Некоторые поговаривают даже о существовавшей некой метафизической связи Гоголя с Булгаковым, подтверждением чему может служить история с надгробным камнем на могиле писателя. После его похорон в поисках подходящего материала для памятника Елена Сергеевна Булгакова как-то зашла в мастерскую, где ей указали на лежащую в углу гранитную глыбу. Не раздумывая, она согласилась и лишь позже узнала, что это был «бесхозный» камень с могилы Н.В.Гоголя, который заменили после возведения там нового памятника. Называли этот камень «Голгофа»…

Воистину, много загадочного для нас в нашем мирозданьи.
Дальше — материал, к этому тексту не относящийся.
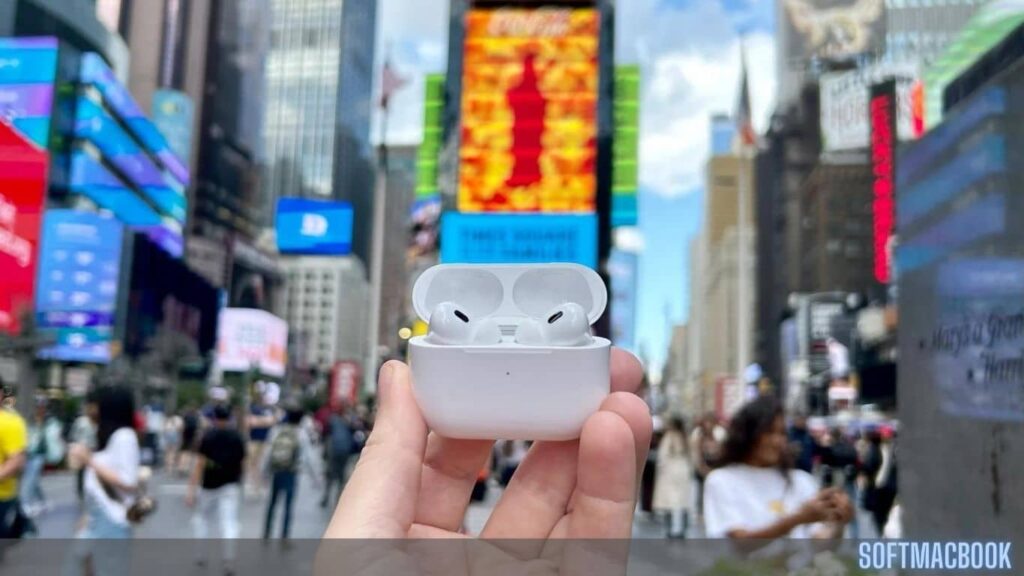 Exploring the Acoustic Leakage of AirPods in Public Spaces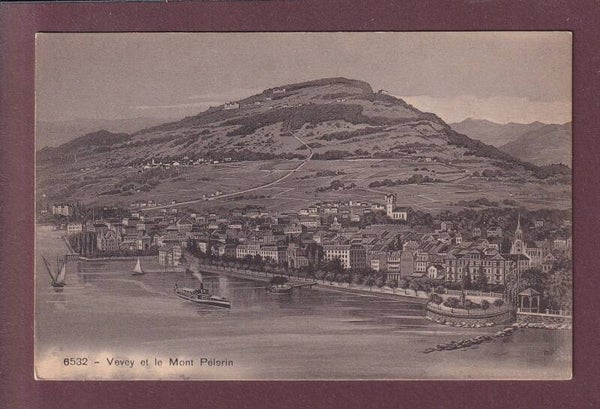 VEVEY - Mont Pelerin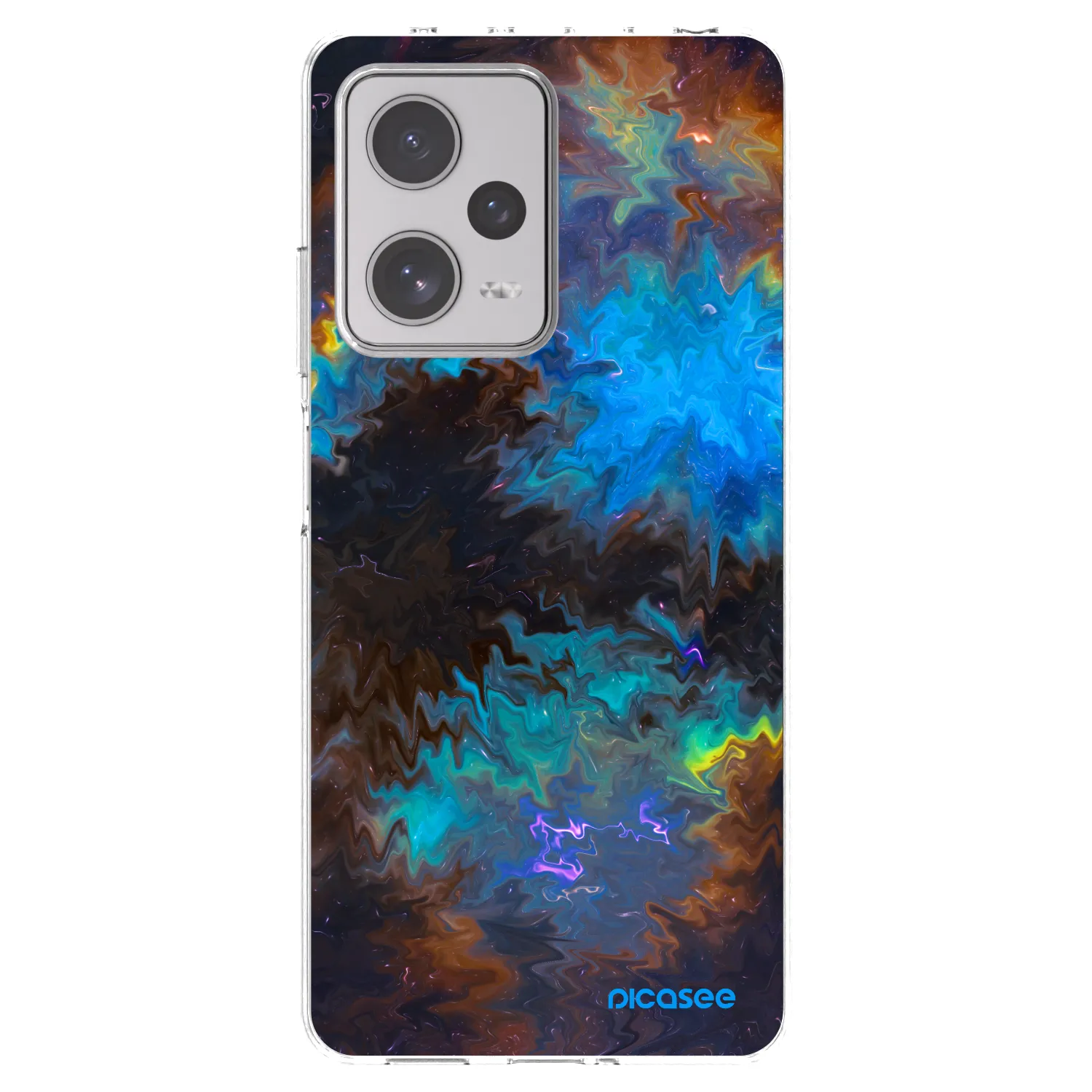 Picasee silikonový průhledný obal pro Xiaomi Redmi Note 12 Pro+ 5G - Space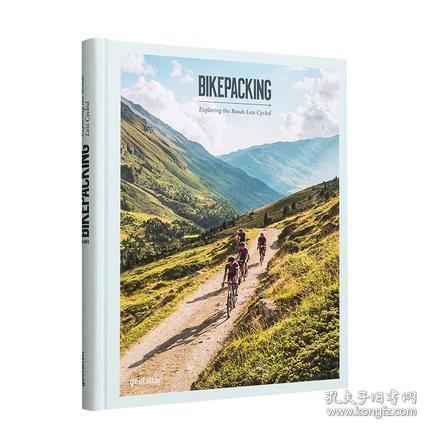 英文版  单车旅行:探索不寻常之路Bicycle Getaways: Exploring the Roads Less Cycled 旅游风景观赏路线指南图集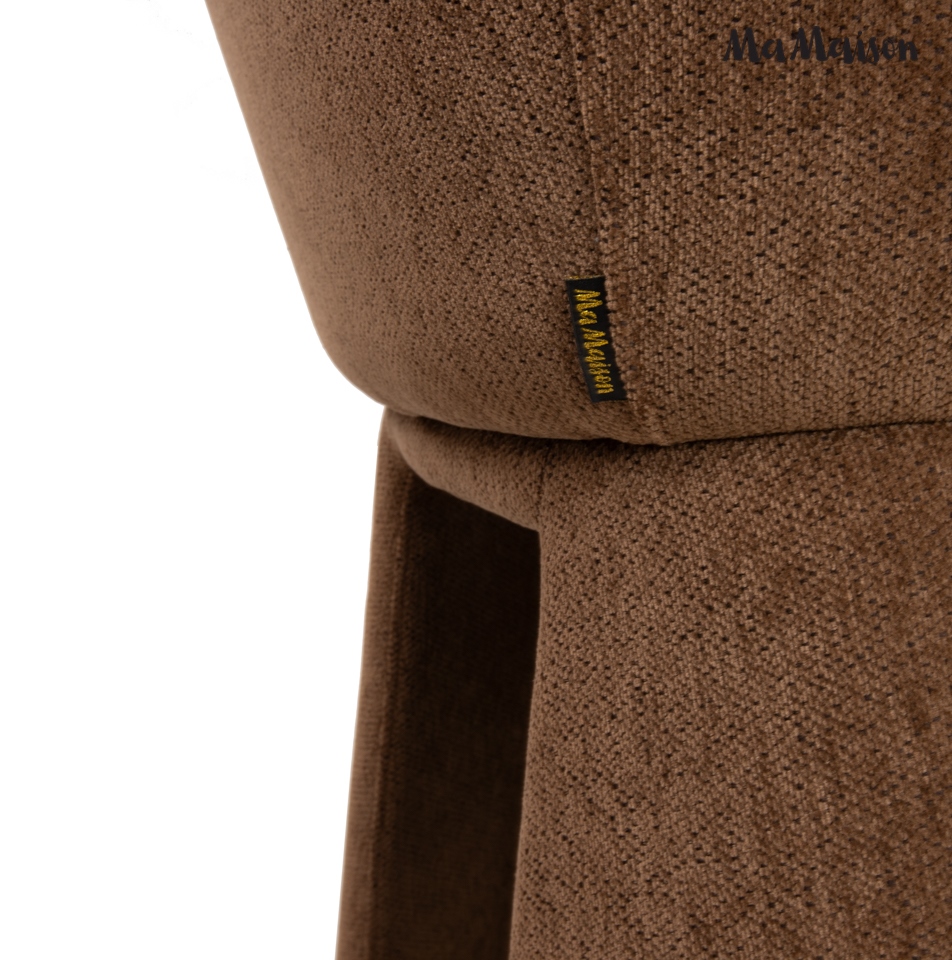 Scaun Tomi 60x60x81 cm, Maro - MaMaison [5]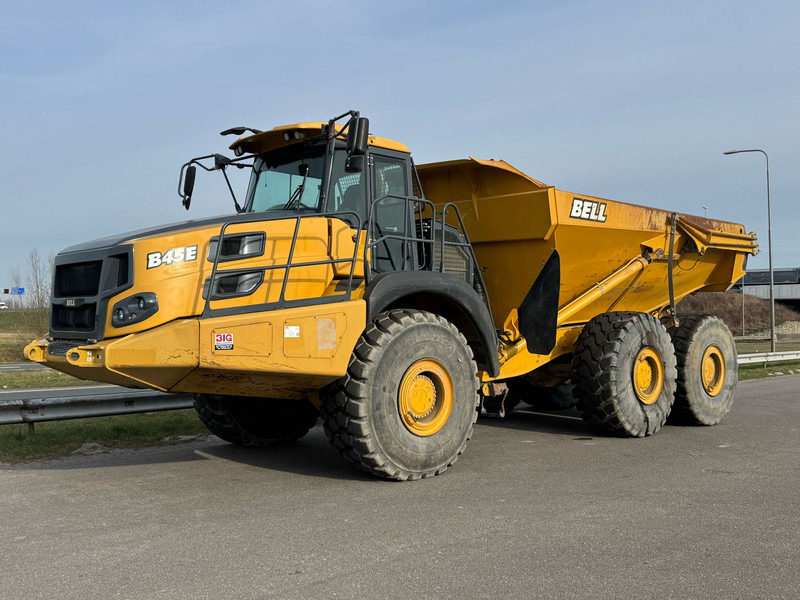 BELL B45E 6x6 - Kloubový sklápěč: obrázek 1 BELL B45E 6x6 - Kloubový sklápěč: obrázek 1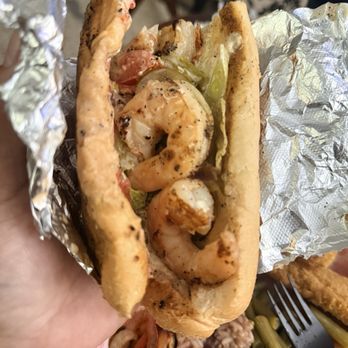 MAD Seafood - #15: Shrimp Po'Boy - Seafood Near Me - Annandale, Virginia MAD Seafood - #15: Shrimp Po'Boy - Seafood Near Me - Annandale, Virginia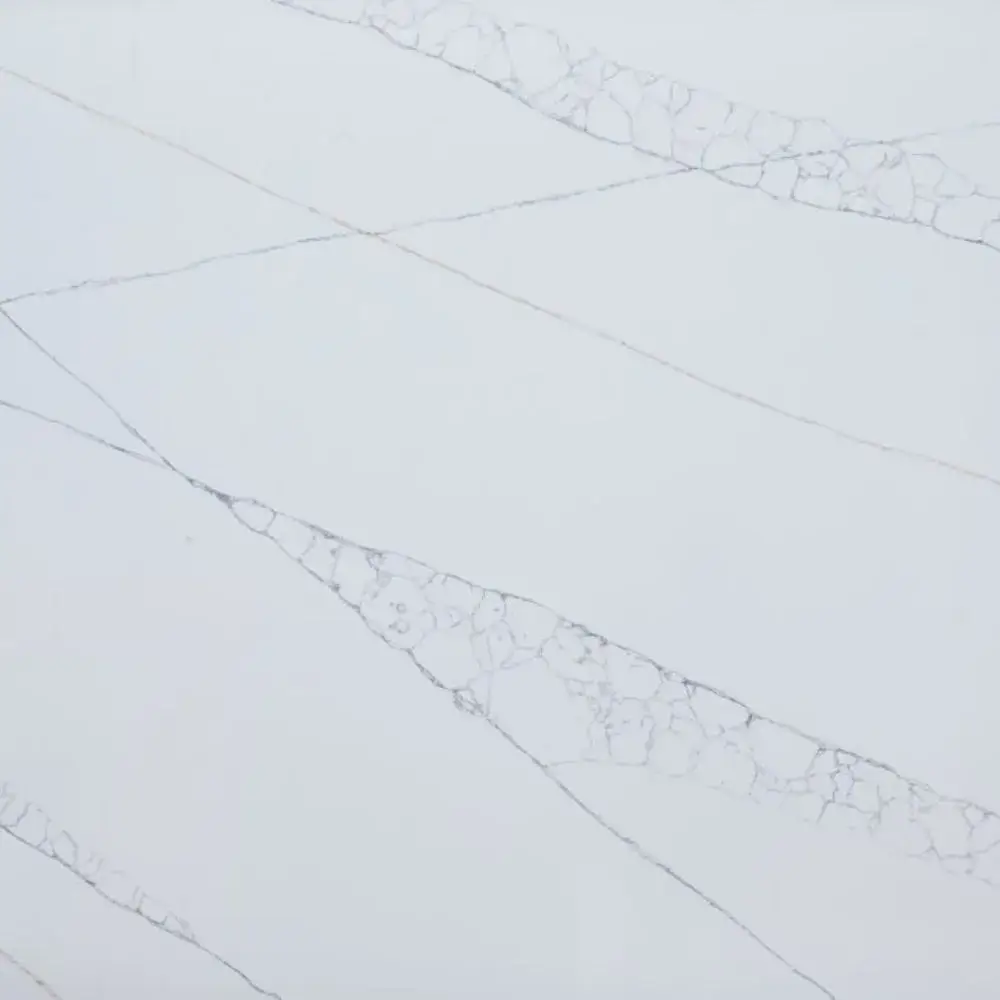 Blanc Noir — Pompeii Quartz countertop slab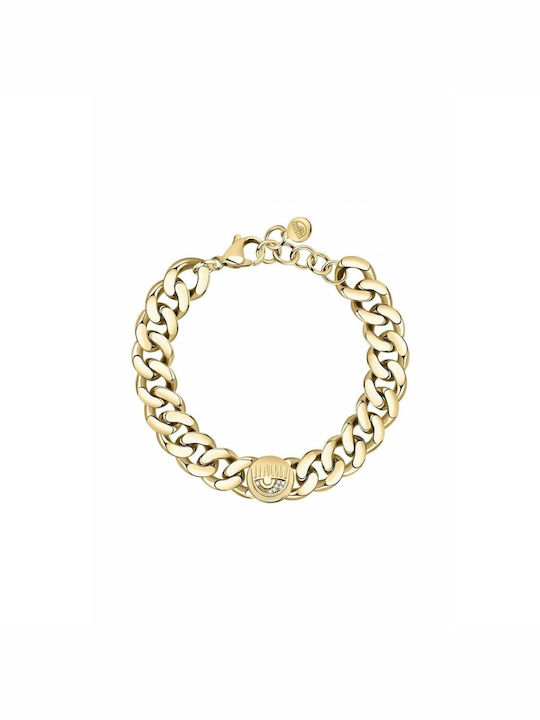 Chiara Ferragni Bracelet made of Steel Gold Plated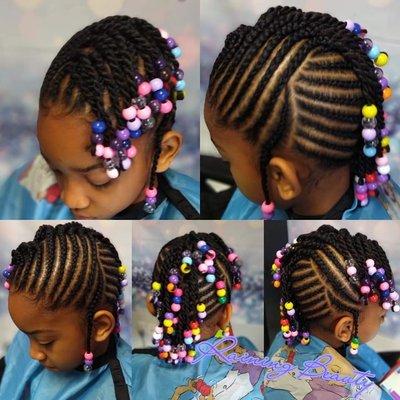 Kids braids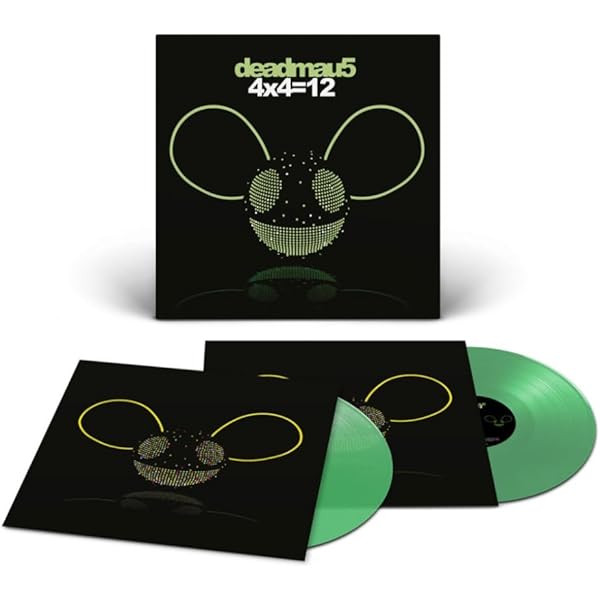 (CD)Random Album Title／Deadmau5 🔥deadmau5 Random Album Title Vinyl LP NEW AUTOGRAPHED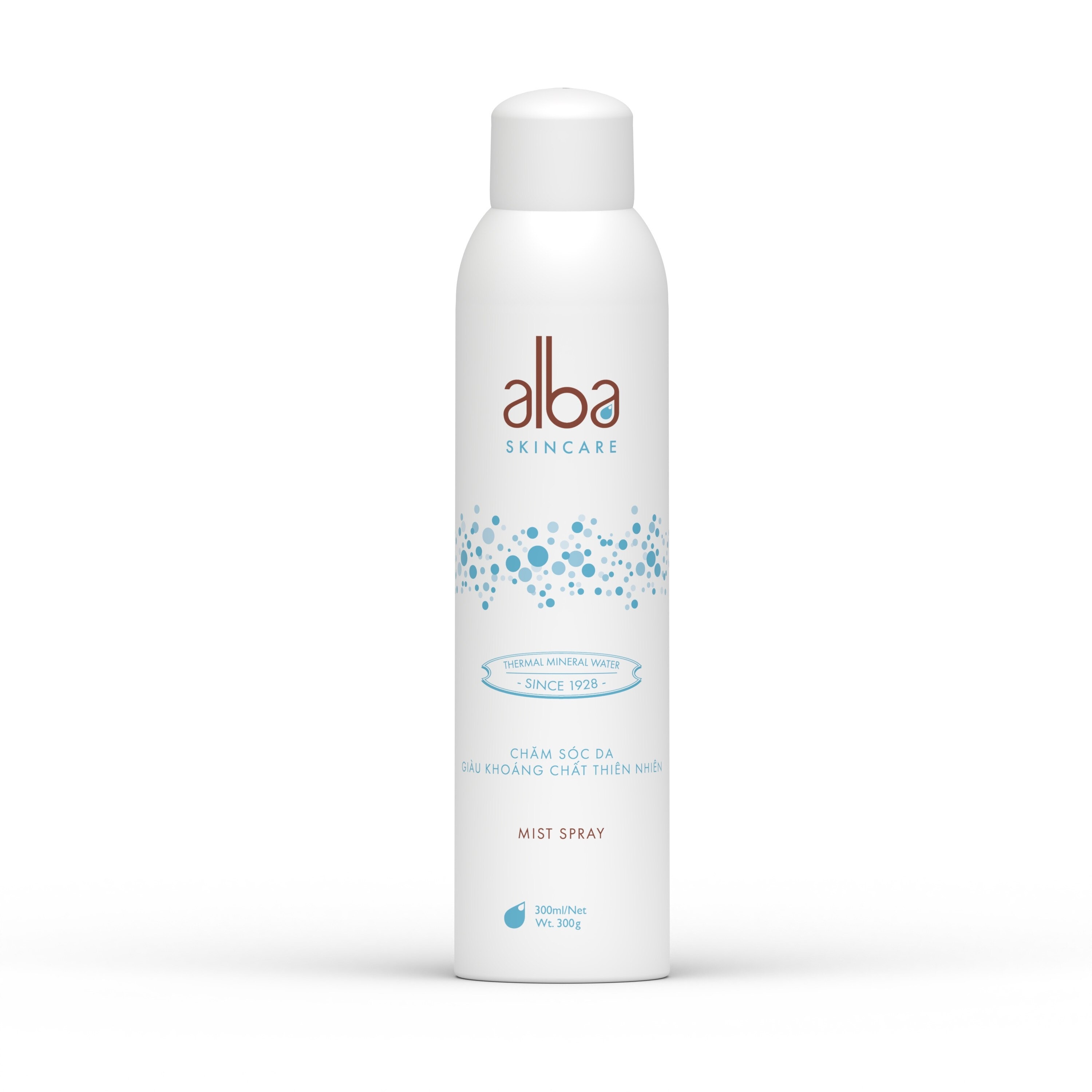 Xịt Khoáng Alba Skincare Chăm Sóc Da Giàu Khoáng Chất Thiên Nhiên 300ml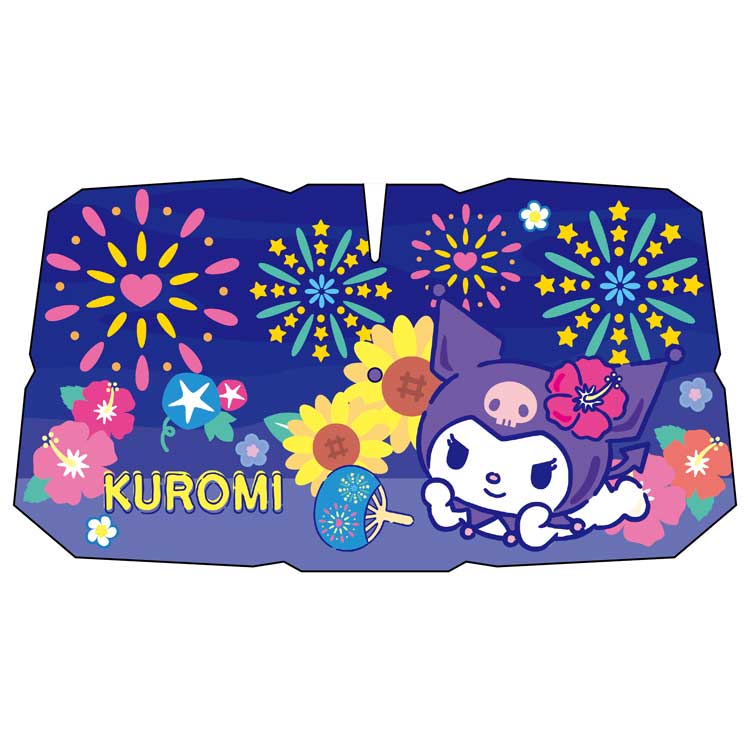 クロミ カーサンシェードアンブレラ M 365025 サマー カー用品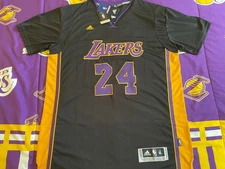 Kobe Bryant Hollywood Nights Jersey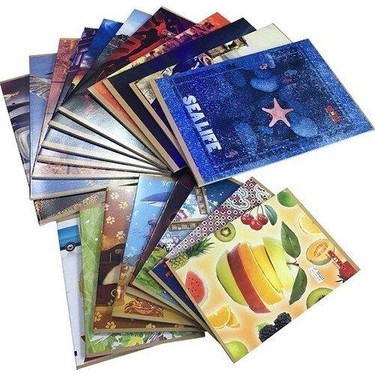 Meteksan Formalı Defter (Dikişli) Karton Kapak Kareli 120 YP A5 120/4-6-LI-PKT
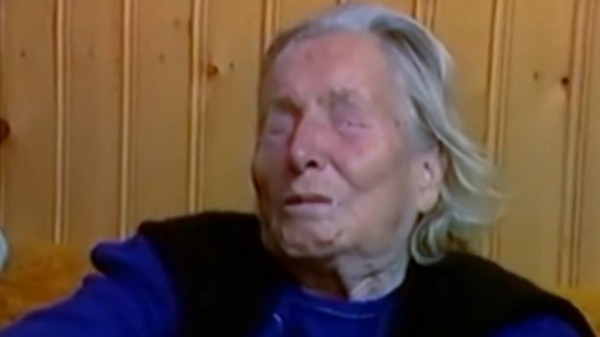 Опубликовано последнее предсказание болгарской ясновидящей Ванги о судьбе Украины Опубликовано последнее предсказание болгарской ясновидящей Ванги о судьбе Украины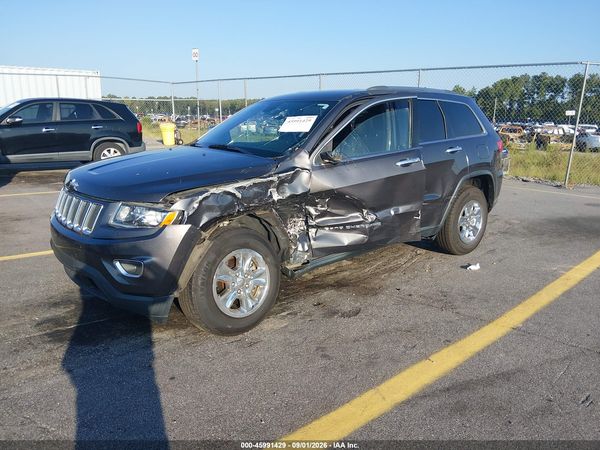 2016 JEEP GRAND CHEROKEE — I2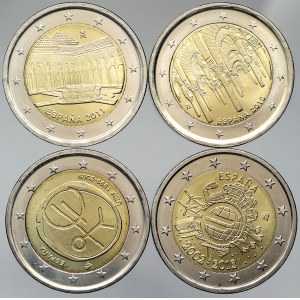 Španělsko, EURO mince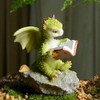 Gemmia Miniature Fairy Garden Dragon Figurine From My Heart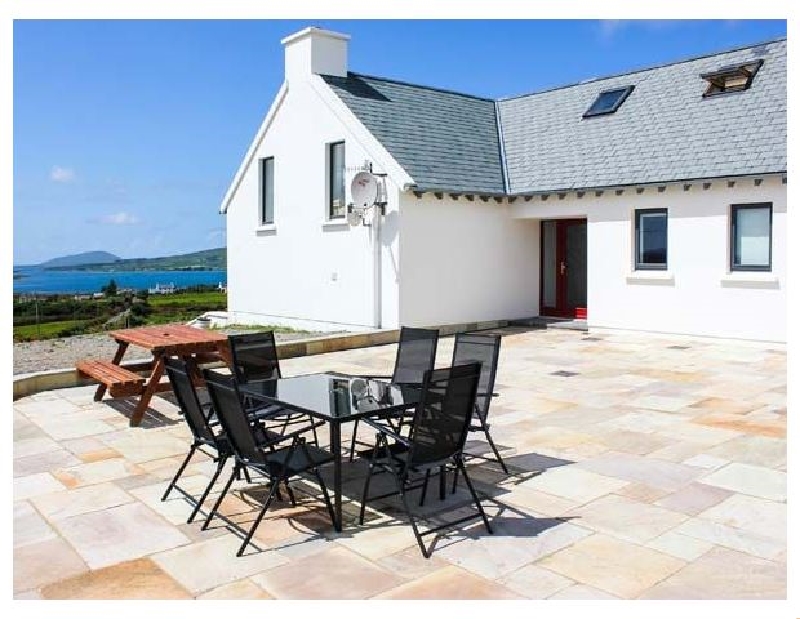 The High Field a holiday cottage rental for 11 in Cahersiveen,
Можно, конечно, считать случайностью, что именно в этот воскресный день 15 мая 2011 года, когда я направлялся в Дом-музей М.А.Булгакова для участия в его 120-тилетии, наблюдалось редчайшее астрономическое явление – Парад планет, когда Меркурий, Венера, Марс и Юпитер выстроились на земном небосклоне в один ряд. В последний раз подобное можно было видеть сто лет назад в 1910 году, когда девятнадцатилетний Михаил Булгаков беззаботно шагал вот по этой улице и наверное даже не предполагал, что через сто лет, ровно в день его рождения выстроятся вот так друг за дружкой звезды, и то, что таким образом сложится его судьба, которая приготовила ему столько испытаний. Но вместе с тем одарила его удивительным талантом. И этот талант он воплотил в свои замечательные книги, которые будут звучать сегодня на разных языках как свидетельство не только искренних признаний почитателей его таланта, но и их любви.

И еще мне подумалось, что в сущности каждая из книг М.Булгакова, это рассказ о его любви. В том числе, и о любви его к этому Городу, который он так воспел, и к этим вечным звездам. И эту свою любовь он оставляет нам как призыв, как напутствие, как некую важную истину. Но предоставим лучше слово самому писателю: «Все пройдет. Страдания, муки, кровь, голод и мор... а вот звезды останутся, когда и тени наших тел и дел не останется на земле. Нет ни одного человека, который бы этого не знал. Так почему же мы не хотим обратить свой взгляд на них? Почему?».

Александр Божко читает «Мастера и Маргариту» в переводе на армянский перед памятником М.А.Булгакову во время Булгаковских юбилейных чтений в 2011 г.